March 1716: Bellamy and his periaguas work their way south along the Central American coast and raid near Portobello, Panama.
April 1716: In a spectacular boarding action worthy of the big screen, Bellamy and his followers assist the pirate Henry Jennings in taking a large French frigate, the Ste. Marie, with 30,000 “pieces of eight”, at Baya Honda on the northwest coast of Cuba.
Late April 1716: Bellamy and his periaguas then desert Jennings, and assist pirate Ben Hornigold in taking a six-gun French sloop, the Marianne at Puerto Mariel near Havana. Hornigold gives Bellamy and his men the Marianne. Together, they rob a series of ships near Cape Corrientes and the Isle of Pines off the coast of Cuba.
May 1716: As partners, Hornigold and Bellamy move eastward along the south shore of Cuba. At the eastern tip of Cuba they meet a French pirate known as “La Buze” (“the Buzzard”). The pirates agree to operate together.
June-August 1716: Hornigold, La Buze and Bellamy refit their vessels at a secret pirate base on the north coast of Hispaniola. Bellamy persuades the pirates to vote out Hornigold as commodore of the pirate flotilla, together with some of his followers (including one known to history as “Blackbeard”!). Bellamy is elected in Hornigold’s place, and moves eastward along the coast of Hispaniola in company with La Buze.

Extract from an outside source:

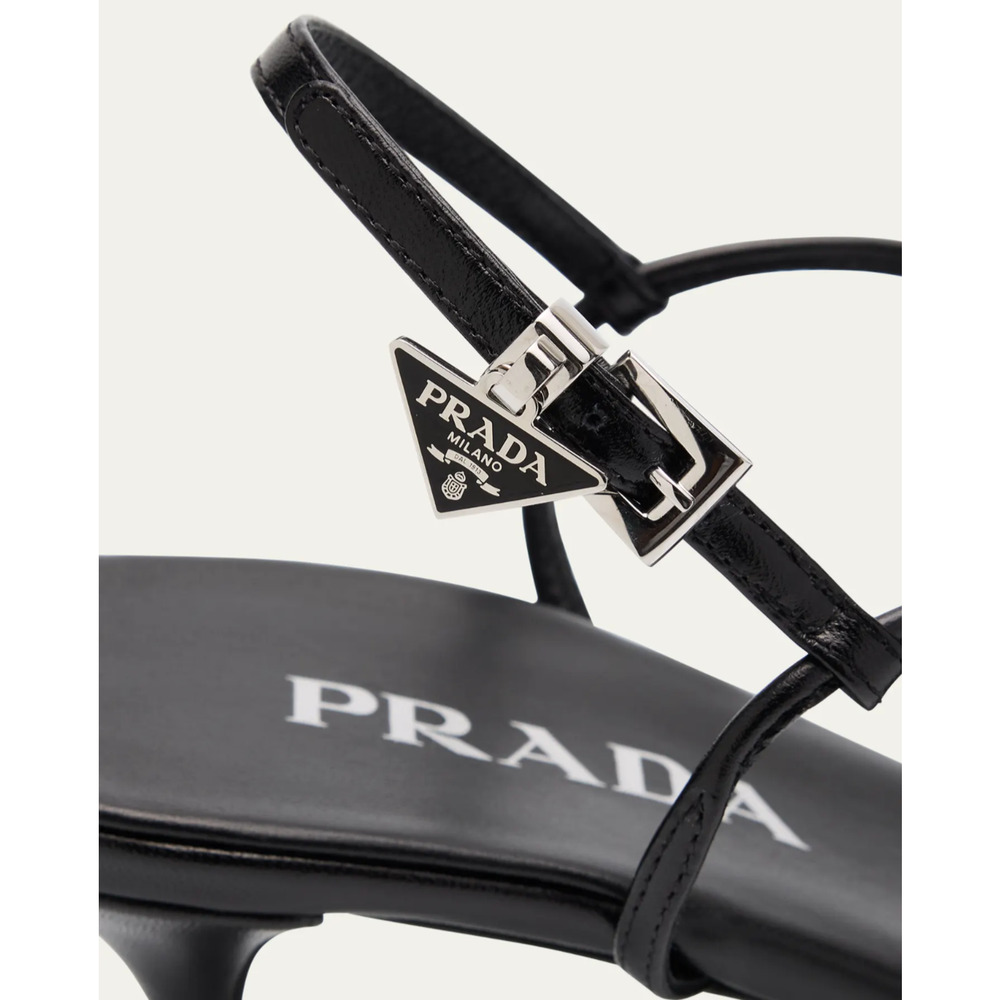 Prada Capretto Strappy 55mm Black Leather Slingback Sandal Mule Kitten Heel 36.5 - Picture 5 of 16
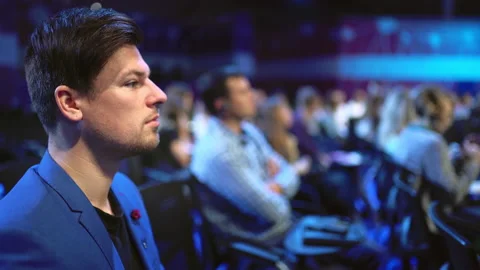 Crowded audience forum listen speaker. Auditorium viewer. Group business people. Stock Footage 139313749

September 1716: Bellamy attacks a forty-four gun French ship off Porto Rico with his small sloop Marianne. He wisely withdraws after a hour-long fight.
October 1716: Bellamy and La Buze attack and capture a variety of English and French vessels along the northeast coast of the modern Dominican Republic.
November-December 1716: Basing out of St. Croix, Bellamy and La Buze take a dozen or more vessels in the vicinity of the Virgin Islands and the Leewards. One of these, the Sultana, is converted to a pirate ship–of which Bellamy is elected commander. His partner, the sometime- goldsmith Palgrave Williams, is elected captain of their old sloop, the Marianne.January 1717: Bellamy and Williams part company with La Buze at Blanquilla off the coast of Venezuela. After refitting at Los Testigos, they return to St. Croix in the Virgin Islands where they rescue a number of French pirates whose ship was sunk by a Royal Navy vessel.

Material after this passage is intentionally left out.